New York Civic Health Report
New York Civic Health Index: Striding Forward
The Civic Health Index was produced by the Siena Research Institute (SRI) and the Siena Office of Academic Community Engagement in partnership with the State Commission on National and Community Service: the National Conference on Citizenship (NCoC) and New Yorkers Volunteer. The NCoC has produced national and state civic health assessments since 2006. The full report for 2011 can be found on the NCoC website here.
Civic health is a measure of the participation and engagement in communities and society. Healthy communities will benefit, and citizens in those communities will display social connectedness, trust in people and institutions, responsibility to address social needs, interest in current events, and participation in civic duties.
Based on multiple questions, SRI provides a score for New York on: Social, Trust, Responsibility, Information and Duty called the STRID index. The STRID Index allows for the understanding of civic health data through a conceptual framework that is useful for policy makers and community members. In short, in an ideal healthy community people would:
(S) Be very socially connected in a variety of ways to other members of the community,
(T) Trust other members of the community and social institutions,
(R) Actively participate in shared responsibility for addressing pressing social issues such as poverty, hunger, homelessness, etc.,
(I) Be informed about the issues, events and news in their community and region, and
(D) Perform civic duties such as voting, attending community meetings and events.
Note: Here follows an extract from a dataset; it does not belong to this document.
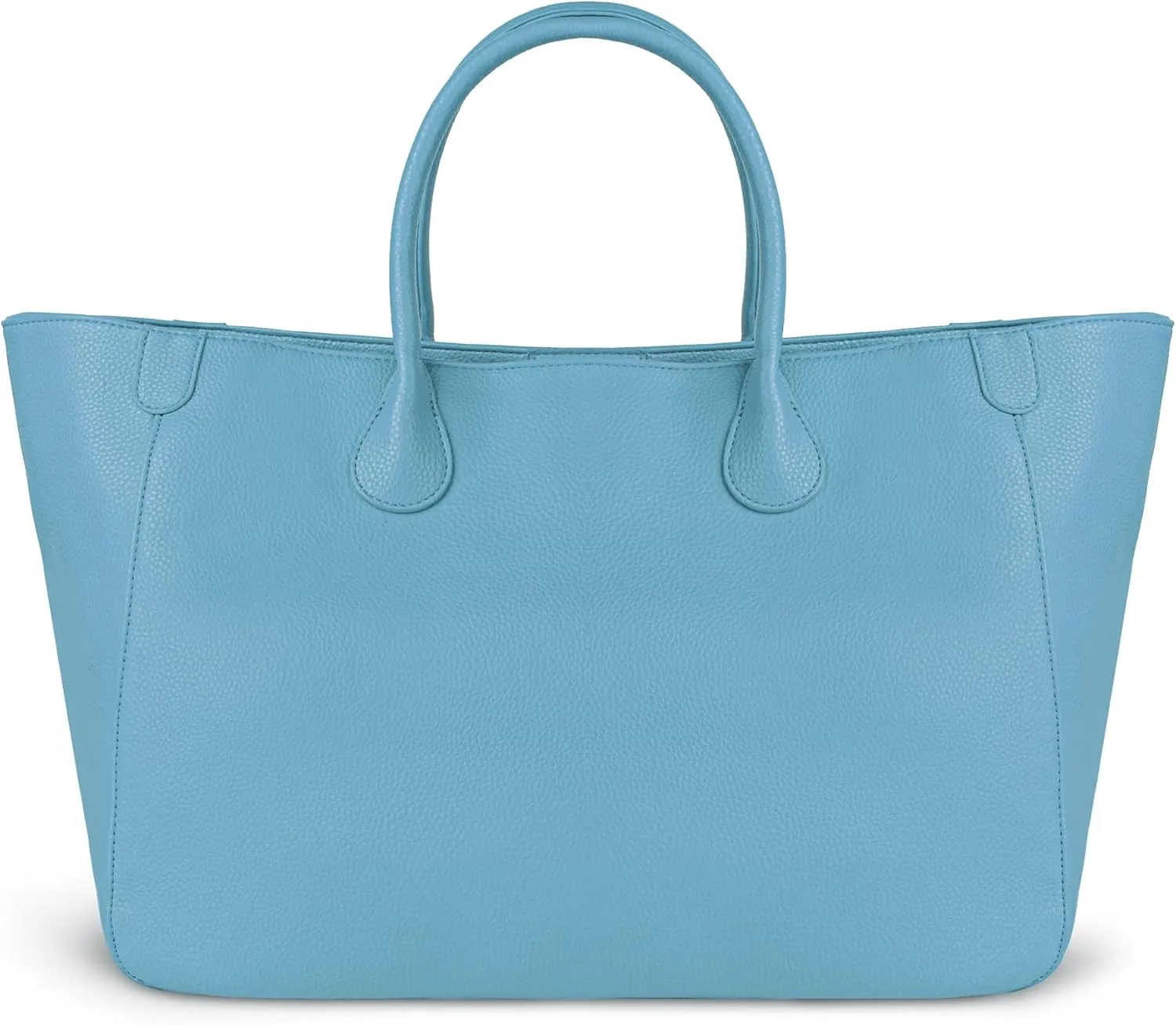 Viva Terry Vegan Leather Tote Handbags for Women Large Capacity Tote Bag with Top Handle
Each of the five components of the STRID Index is measured independently. Though each one represents an important specific part of the social life of healthy communities, all five are interrelated as multipliers of each other. For example, in communities that are very socially active, one would expect there to be more trust among community members. Likewise, in communities in which people do not remain informed, one would expect participation in civic responsibilities to decrease. This interrelationship is particularly important for policymakers to understand as they seek to incentivize higher rates of public participation to build civic health. Working to increase the level of trust that community members have in one another, in major social institutions and in the government can be approached, for example, through any of the other four indicators. Increasing the availability of information, increasing social connections, and increasing the level of participation in community activities can all yield higher levels of trust overall.
This year’s results were presented by Dr. Don Levy and Dr. Mathew Johnson at Siena College and sparked a discussion about how to improve New York’s civic health.